By Tom Bradley
I still see a number of strategists and portfolio managers citing the U.S. housing market as a risk for 2012. I don’t get it. The slump is almost six years old. Housing starts are down to an unsustainably low level of 600,000 per year. The U.S. economy is well along in sorting things out. And guess what, the market is well aware of the excess inventory and houses yet to be foreclosed.
I think the U.S. housing market will be one of the pleasant surprises for the stock market in 2012 or 2013. Housing starts and prices will begin to rise well before the excess inventory is sopped up. And investor sentiment towards this big economic engine will improve even before that happens.
In his 2011 letter to investors, Warren Buffett put his perspective on the U.S. housing market.
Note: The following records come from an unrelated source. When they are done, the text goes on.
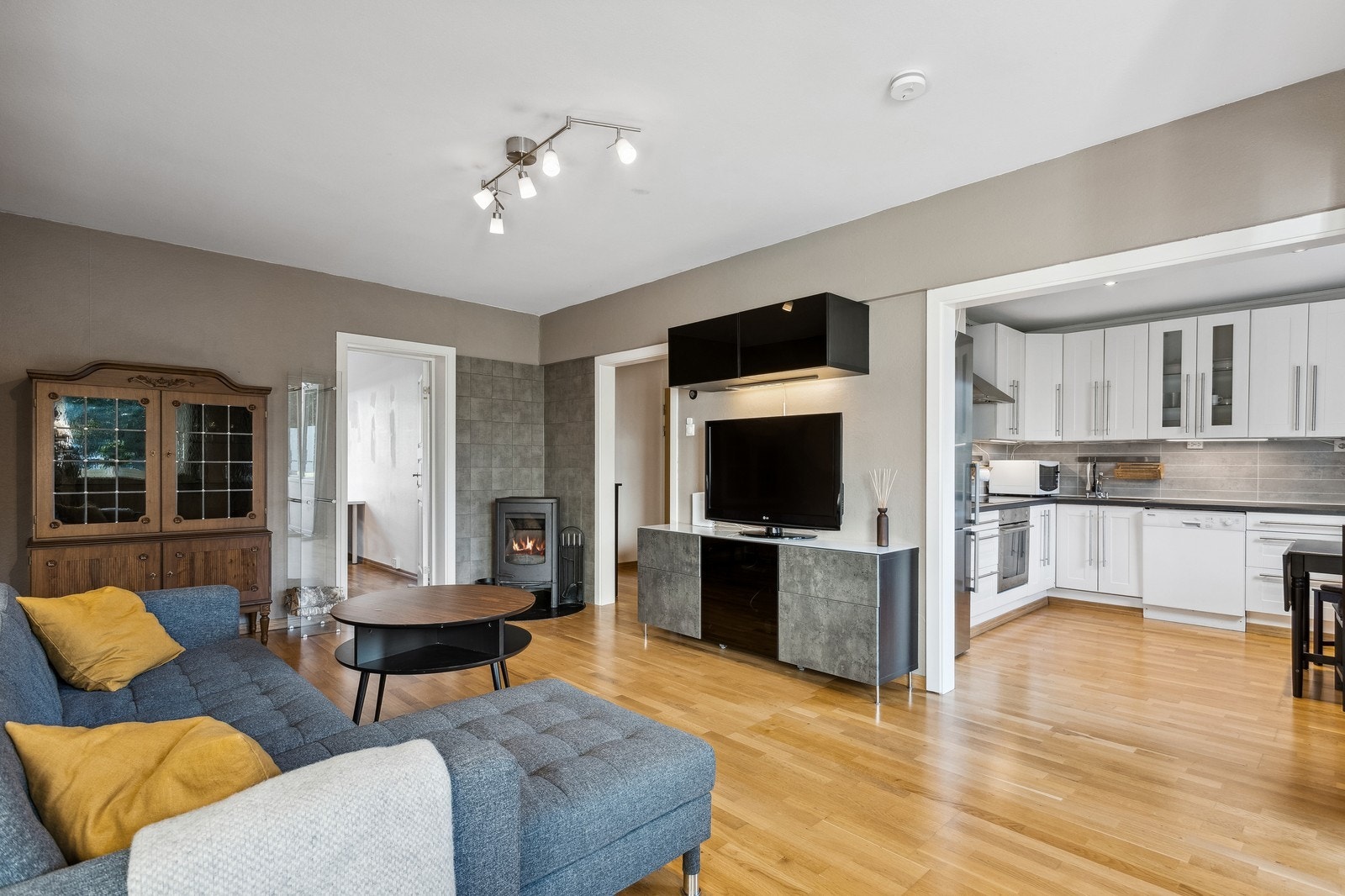 Rosmslig og lys stue med medfølgene møbler og peis. Internett og parkering inkl. Galleribilde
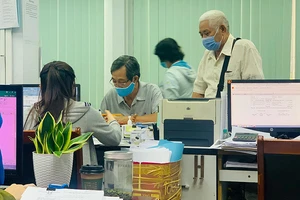 TP.HCM: Nhiều người dân gấp rút trả nợ tiền sử dụng đất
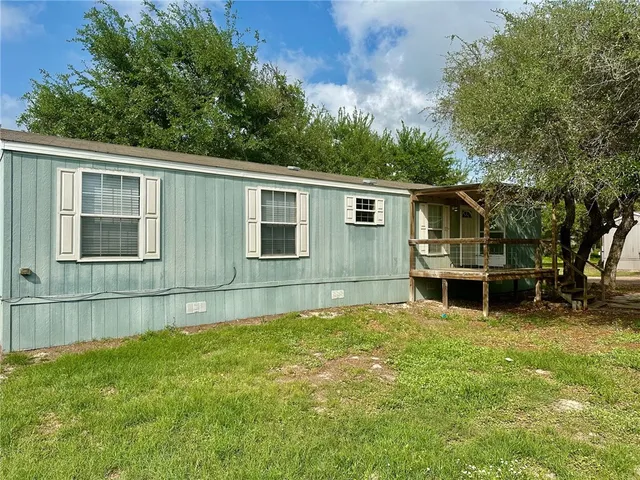 $1,325 | 1522 16th Street, Unit 5, Rockport, TX 78382
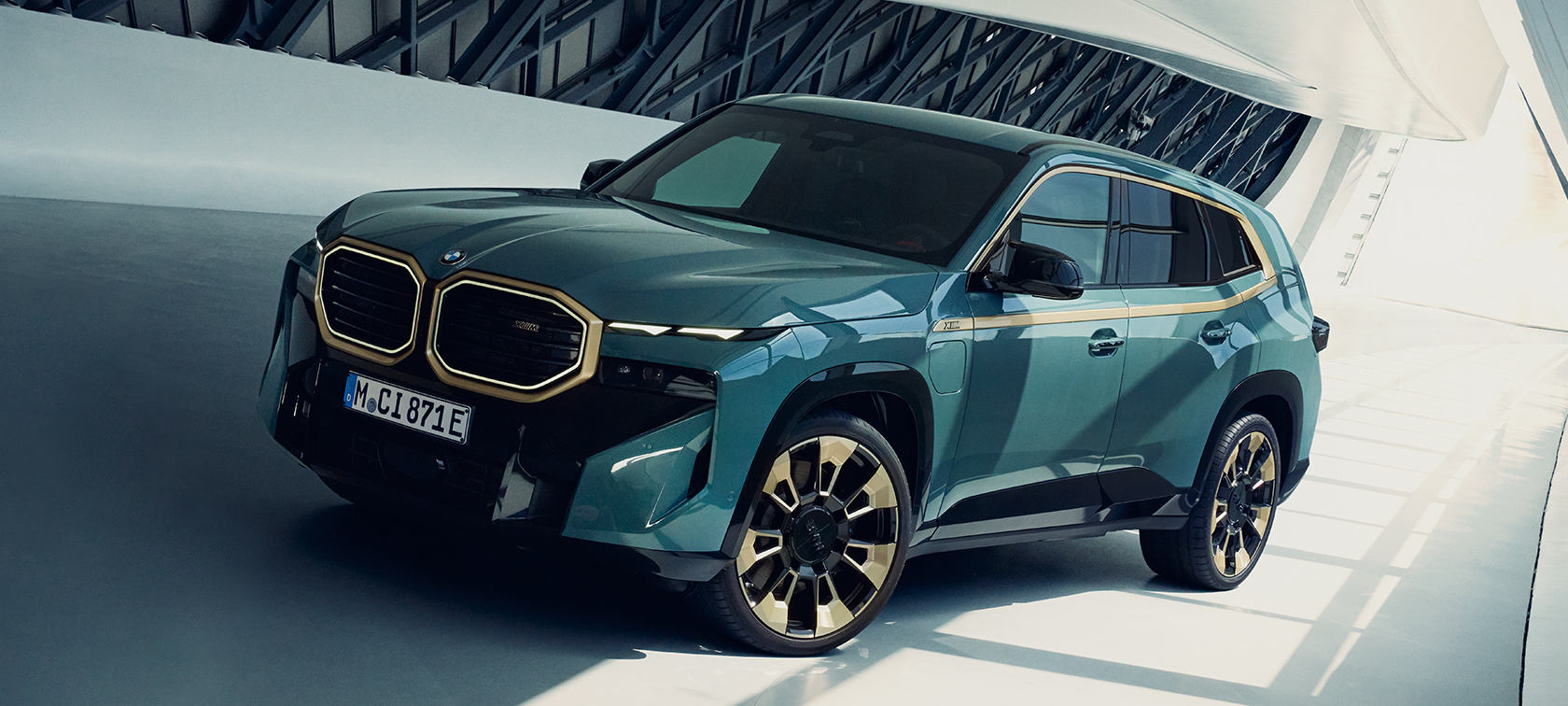 BMW XM G09 искуство на електрично возење BMW XM G09 PHEV искуство на електрично возење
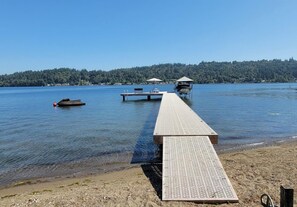 Rannalla, aurinkotuoleja, rantapyyhkeitä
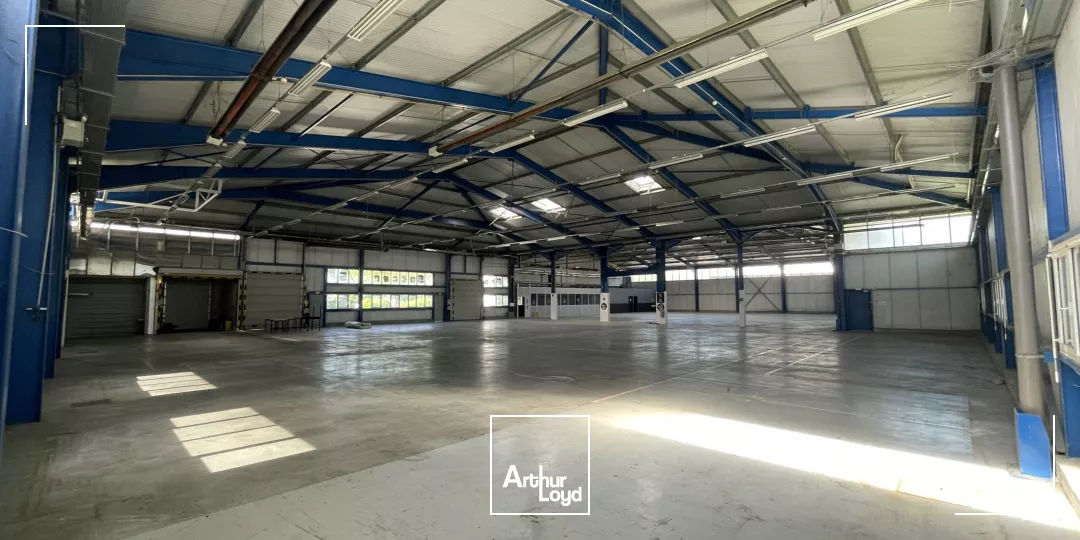 bâtiment d'activité 2411 m² environ - central, visible, fonctionnel.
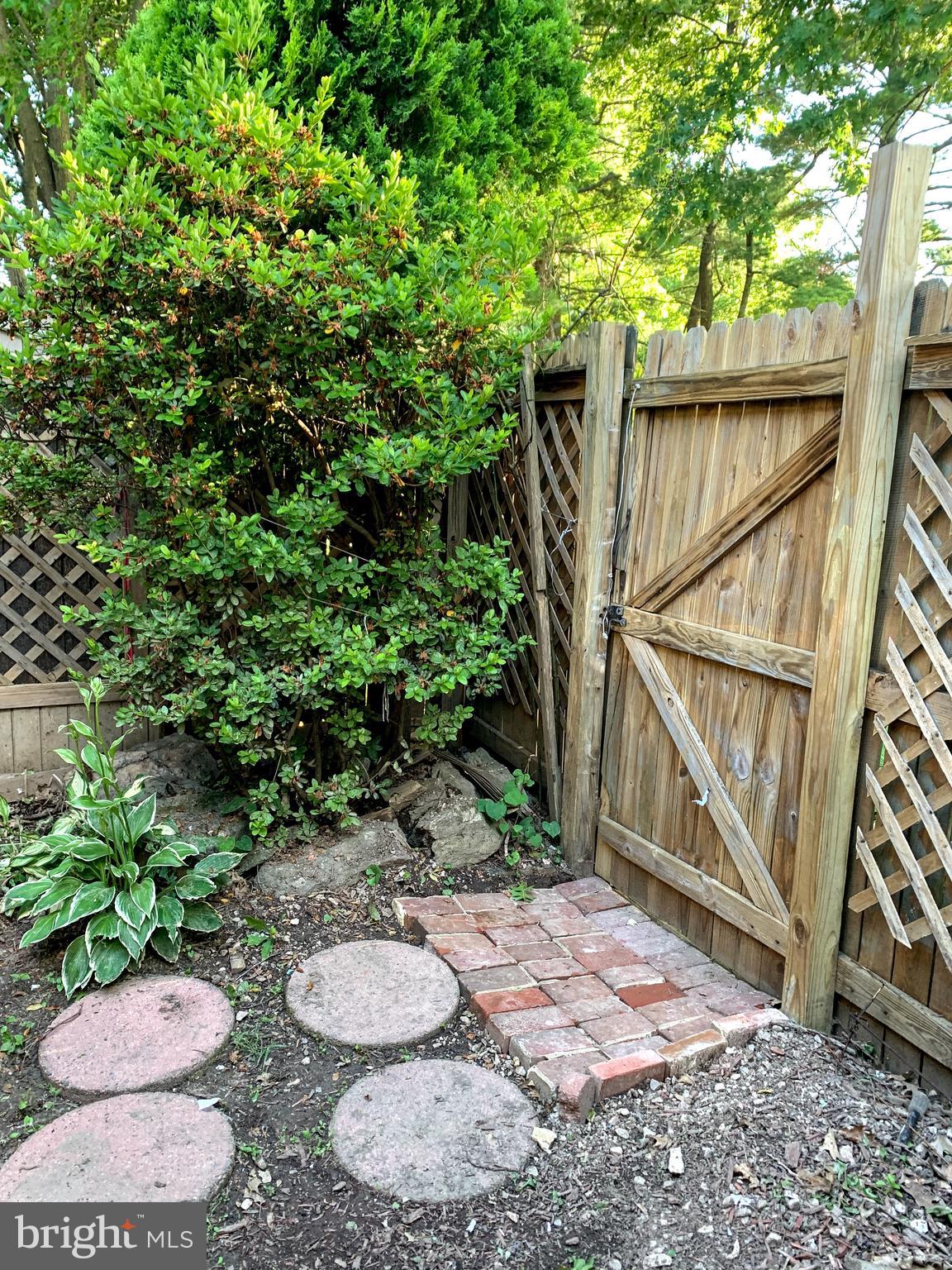 9635 Horizon Run Road, Unit 2G Montgomery Village, MD 20886 - Photo 30 of 33 Backyard
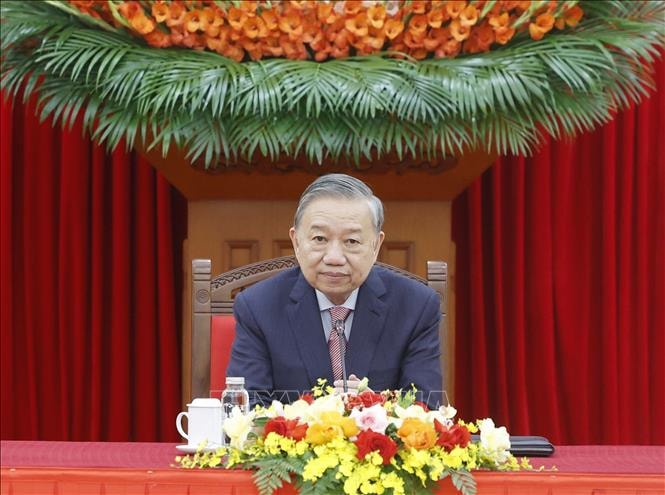 Tổng Bí thư Tô Lâm điện đàm với Tổng Thư ký Đảng Hành động Nhân dân, Thủ tướng Singapore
"Housing will come back – you can be sure of that. Over time, the number of housing units necessarily matches the number of households (after allowing for a normal level of vacancies). For a period of years prior to 2008, however, America added more housing units than households. Inevitably, we ended up with far too many units and the bubble popped with a violence that shook the entire economy."
He went on to say,
"That devastating supply/demand equation is now reversed. … At our current annual pace of 600,000 housing starts – considerably less than the number of new households being formed – buyers and renters are sopping up what’s left of the old oversupply. (This process will run its course at different rates around the country; the supply-demand situation varies widely by locale.)"
I’m not worried about U.S. residential real estate being a negative factor for the stock market. As I said at the other end of this cycle in a June, 2006 blog, “I'm inclined to think the consensus will be wrong on this one. It almost always is wrong at major turning points when a trend has been going on for a long time.”